→ **WORK ITEM**:
Only the lines in the entries below from the line with "Danielle Small Leather Handbag, Beige Tumble" to the line with "Autumn winter acrylic", both included, belong in the answer, transcribed exactly and without pictures.

→ **INPUT DATA**:
╔══

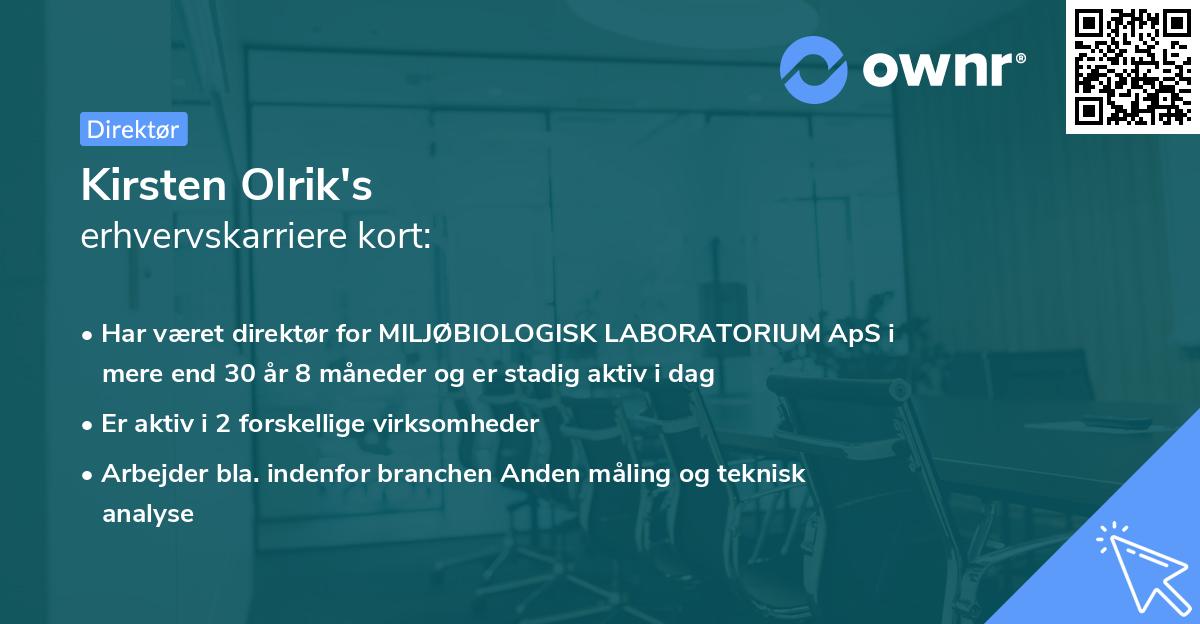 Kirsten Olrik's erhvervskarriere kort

╚══
╔══

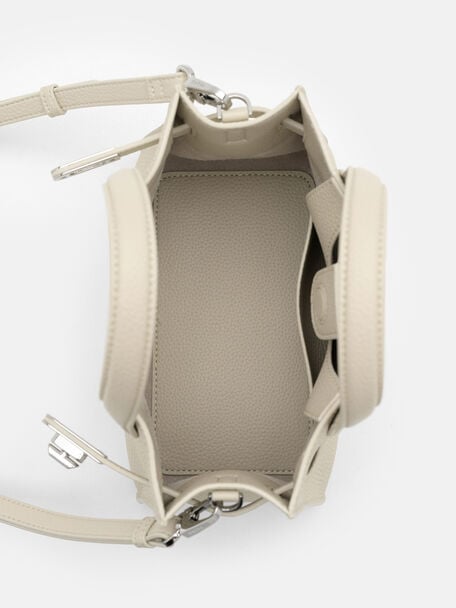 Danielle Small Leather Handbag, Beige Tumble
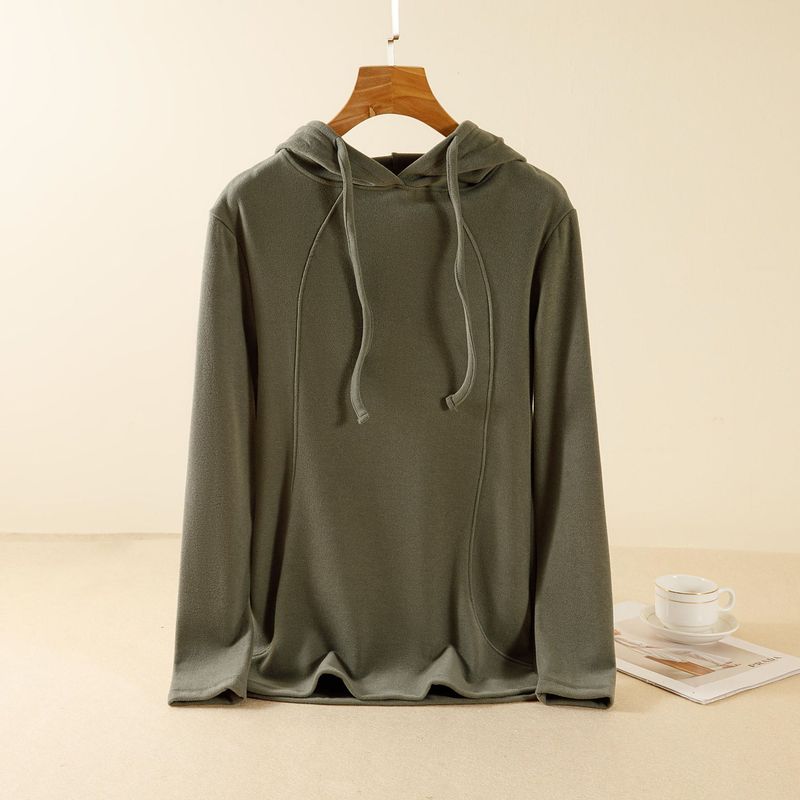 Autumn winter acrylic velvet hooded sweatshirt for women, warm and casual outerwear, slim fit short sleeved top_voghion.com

╚══

→ **RESPONSE TO THIS TASK**:
 Danielle Small Leather Handbag, Beige Tumble
 Autumn winter acrylic velvet hooded sweatshirt for women, warm and casual outerwear, slim fit short sleeved top_voghion.com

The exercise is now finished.